IS is thought to have killed Ruqia Hassan Mohammed in September after abducting her in Raqqa in July.
But a citizen journalist from the Raqqa Is Being Slaughtered Silently group claims IS kept her Facebook account open "in order to entrap friends who communicated with her."
The UK government is facing accusations of a major security lapse after it emerged that a British man suspected of appearing in the IS group's latest propaganda video managed to slip out of the country despite being on police bail.
The Independent reports that police had sent Siddhartha Dhar a letter to his home address six weeks after he had already left for Syria, asking him to "surrender all travel documents" to a London police station.
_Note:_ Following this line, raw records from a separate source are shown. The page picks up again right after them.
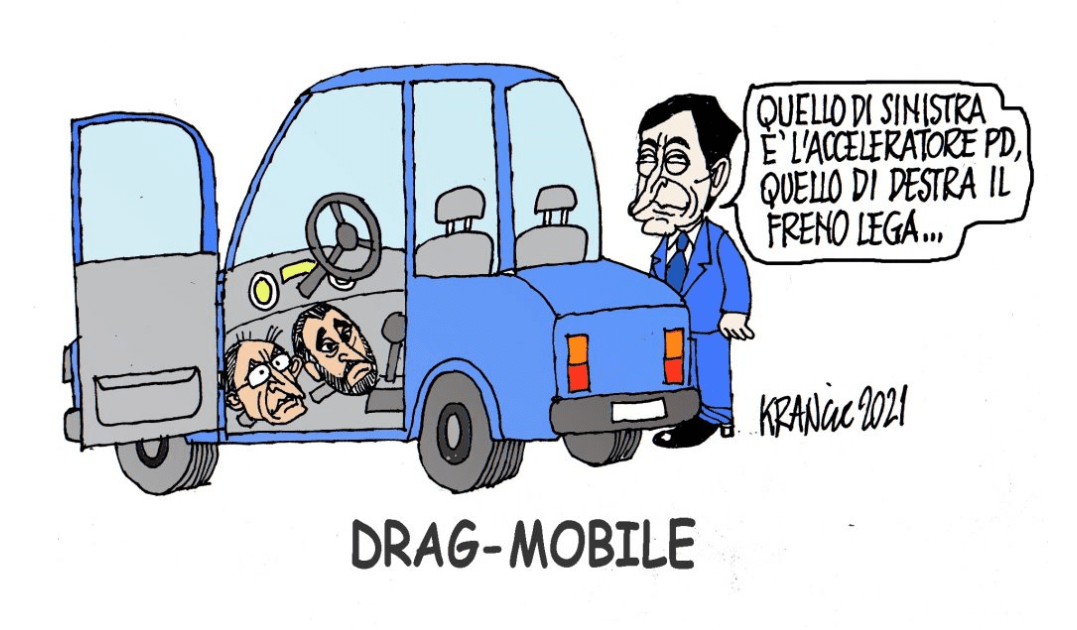 Freno e acceleratore politici – La Vignetta di Alfio&nbsp;Krancic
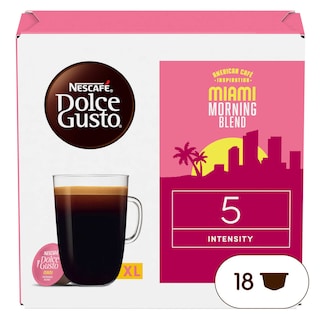 Nescafé | Dolce Gusto | Café Grande Miami | 18 capsules 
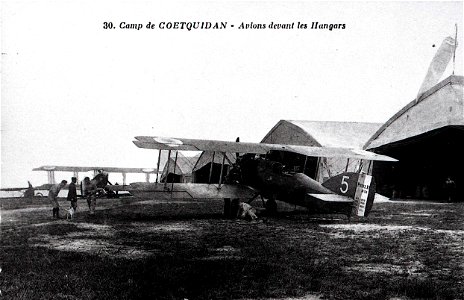 Camp de COETQUIDAN -Aviation- préparatif de départ CIRCA 1929 photo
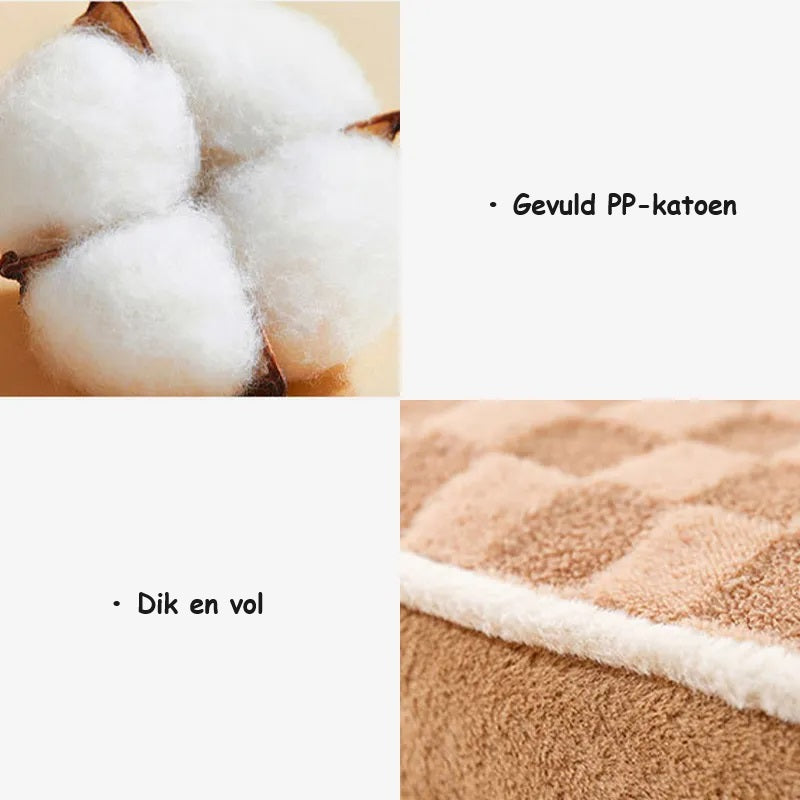 CozyFuzz™ | Teddybeer bed voor huisdieren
There are also unconfirmed reports, citing oil terminal sources in Sidra, that the fighting in Sidra has damaged three crude storage tanks belonging to a subsidiary of the Waha Oil Company of total capacity 1.5M barrels.
Sources in Libya's oil terminal Sidra are reportedly saying that the IS group is planning another attack in the oil crescent and that reinforcements are arriving in the town of Bin Jawad to the west of Sidra.
The reports have not been confirmed.
IS attacked Sidra and the nearby Ras Lanuf for two days in a row.
A documentary about American freelance journalist James Foley, who was beheaded by the IS group in 2014 after being held hostage since 2012, will make its world premiere at the Sundance Film Festival on February 6, the cable network HBO has said.
AP has obtained a document suggesting that the Obama administration's best-case scenario for political change in Syria does not see Syrian President Bashar al-Assad stepping down before March 2017.
The document contains an internal timeline prepared for U.S. officials, based on a plan endorsed by the United Nations and laid out at an international conference in Vienna in November. According to the plan, Syria would hold presidential and parliamentary elections in August 2017.